Your employees do a lot for you, sometimes throwing more on their plate could get mixed reactions.
However, nowadays you really need something extra that every employee needs to be doing – getting your business reviews.
Reviews have become one of the most important components for businesses to focus on. They are where a majority of consumers turn to determine the quality of a business before buying from them. Most of them reading reviews on your Google My Business page.
It’s very important that you have positive reviews on your Google listing in order to get new business, but you can’t rely on just yourself to get them.
The more people asking for reviews, the more reviews you’ll likely receive. Hence, why you need to encourage your employees to capture these reviews for you.
Why Your Employees Should Be Getting You Reviews
Your employees are normally the people who are actually performing the service for your customers. Therefore, they’re the ones who are forming a connection with them. Because of this, the review request often has the best response when it comes from them.
Not just that, but if you have 10 employees out in the field asking for reviews consistently, you should be getting 10 times the reviews.
This flow of consistent reviews is huge for SEO as well as how your business will be perceived by the public.
It might just be the most important requirement of your employee’s job (well besides providing incredible customer service, of course).
If you can turn your team of employees into review generation machines, your business will be in incredible shape. The question is, how can you convince or encourage them to ask for reviews?
Incentivizing Employees to get Google Reviews
Giving employees a little gift for getting you a positive review is a win-win situation.
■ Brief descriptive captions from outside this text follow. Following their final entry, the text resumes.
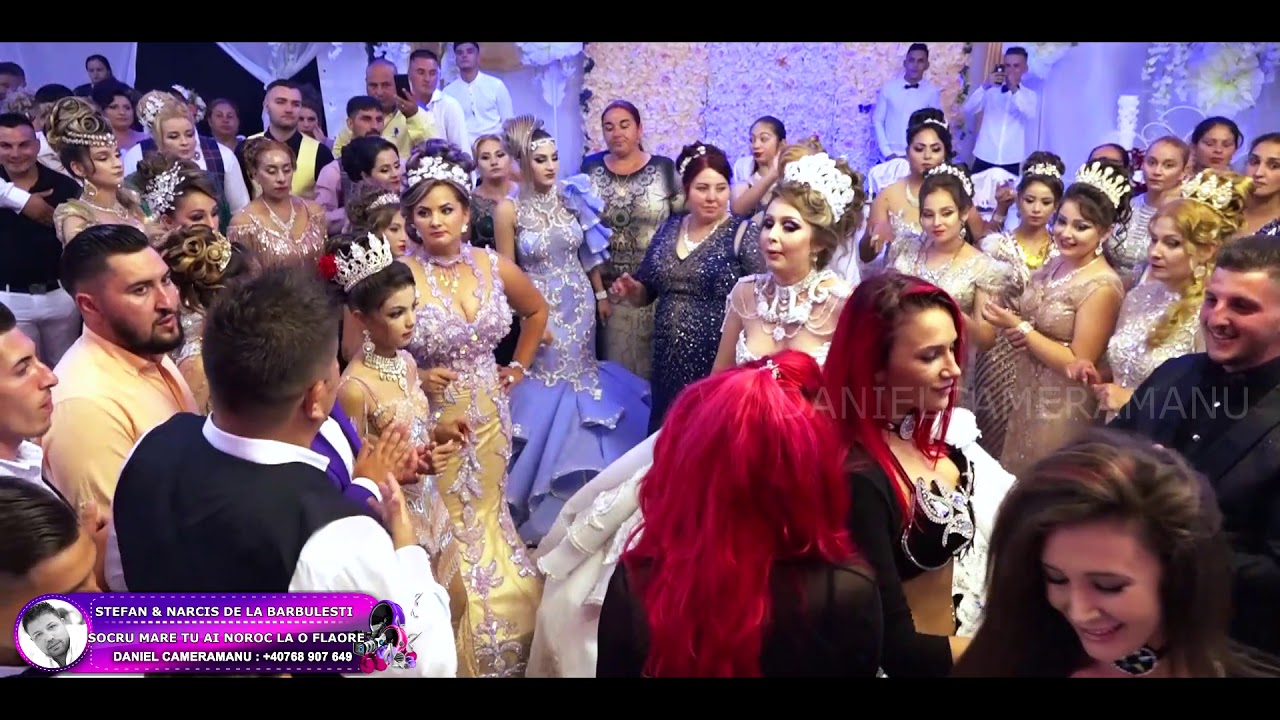 Stefan & Narcis de la Barbulesti - Socru Mare Tu Ai Noroc (Nunta Florin & Georgiana) by D.C 2019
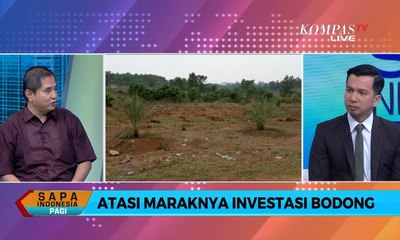 Download Video: Investasi Kampung Kurma, Waspada Penipuan Ulung Berbungkus Agama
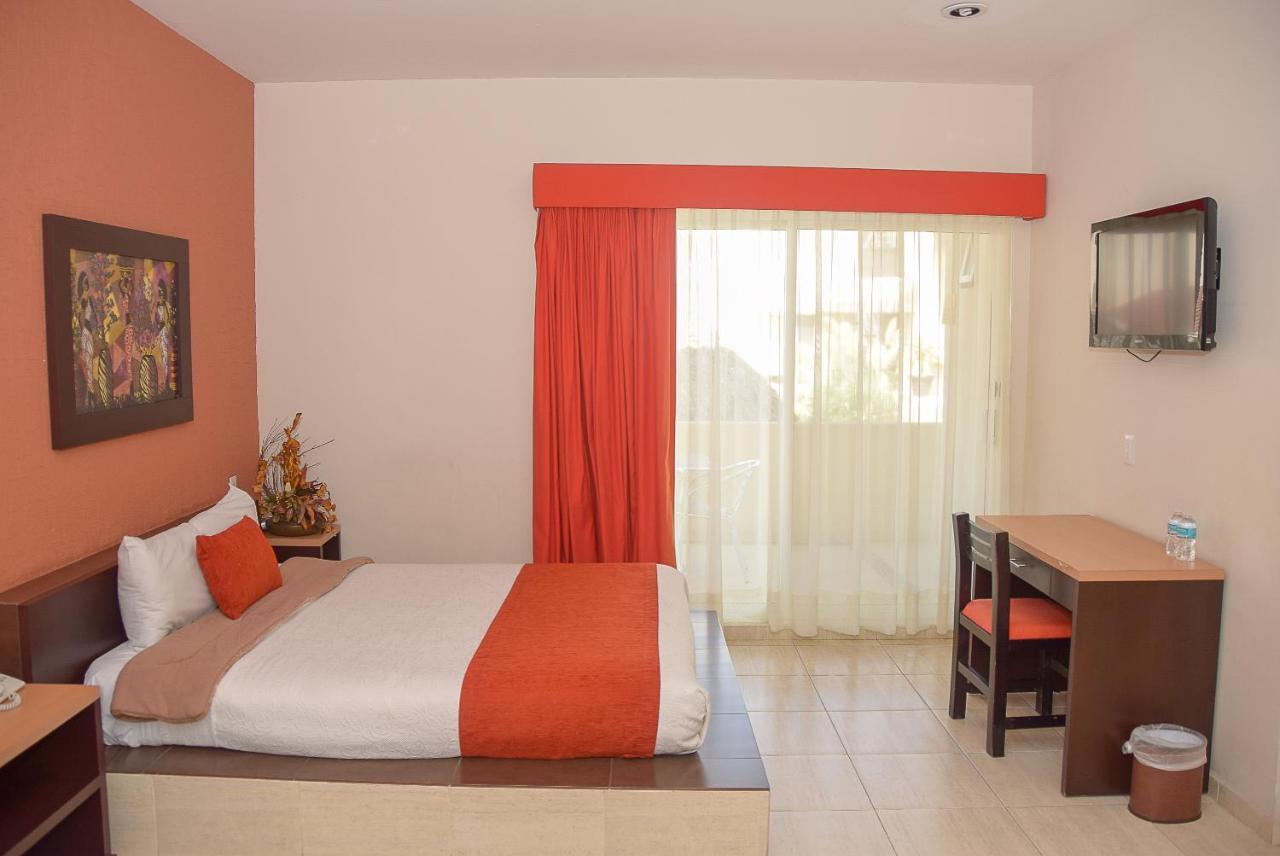 Hotel Real De Tx Tequisquiapan Exterior photo
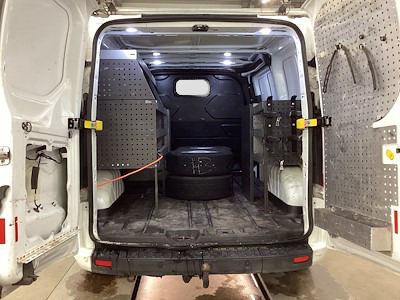 Ford Transit Custom 300 2.0 TDCi 2x Dörr Drag Inredning MOMS 170hk – bild 8 av 8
Some companies will do something like $10 per review, others who see more customers per day may do a $25 gift card every 10-20 reviews.
Tracking these reviews can be a tedious task, but a solution like 2 Step Reviews makes it easy.
With 2 Step Reviews, you can track how many review requests your employees are sending, how many they receive, and their success rate. This makes it easy not only to reward employees when they reach the milestone you are incentivizing them with, but also to see who is doing what you asked and who needs an extra nudge.
You can also incentivize them based on the review invites they send instead of the reviews they receive. However, it’s probably better to reward employees after generating a certain number of reviews. If they send out 100 invites and receive zero reviews back, they’re clearly doing something wrong.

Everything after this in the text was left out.